● Data below
________________________________________
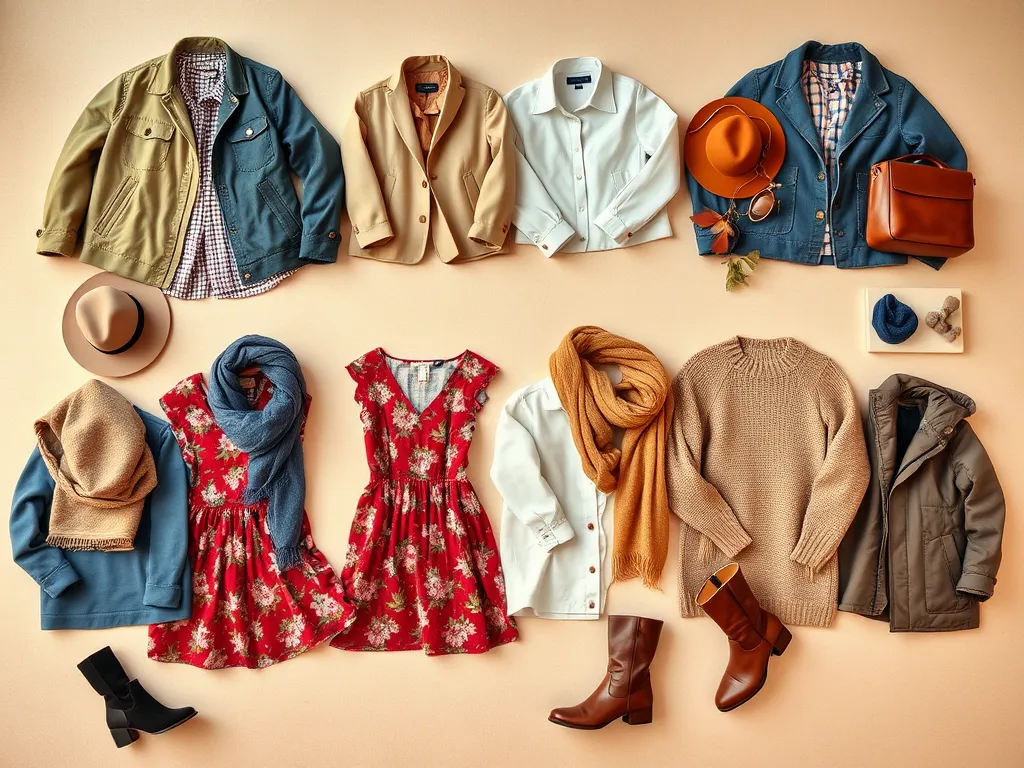 Essential Wardrobe Checklist for Every Season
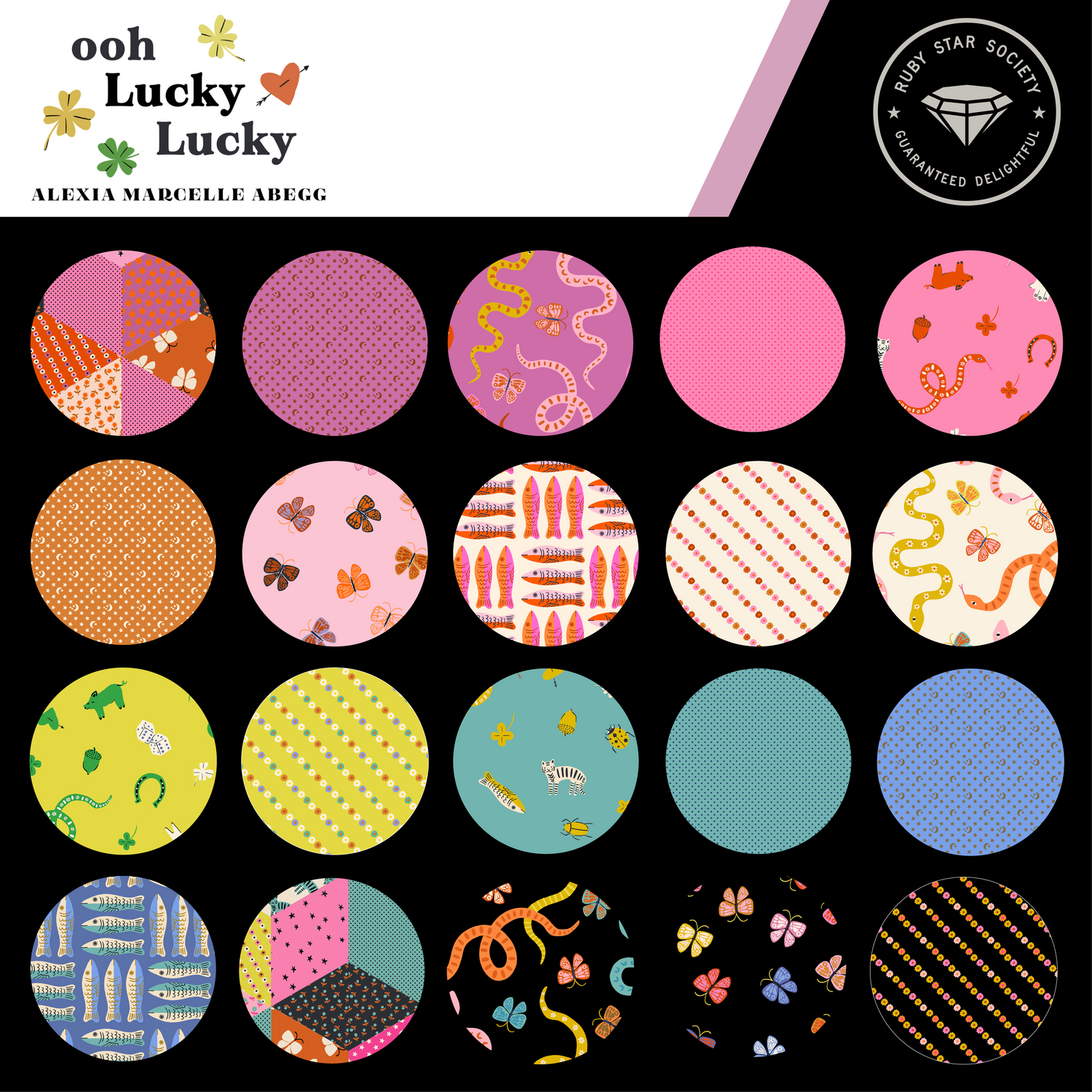 Ruby Star Society Ooh Lucky Lucky Collection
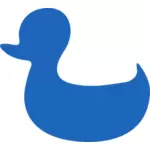 התמונה ברווז כחול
________________________________________
● Work instruction
Restate the listing above word for word and skip each picture.

● Expected answer
 Essential Wardrobe Checklist for Every Season
 Ruby Star Society Ooh Lucky Lucky Collection
 התמונה ברווז כחול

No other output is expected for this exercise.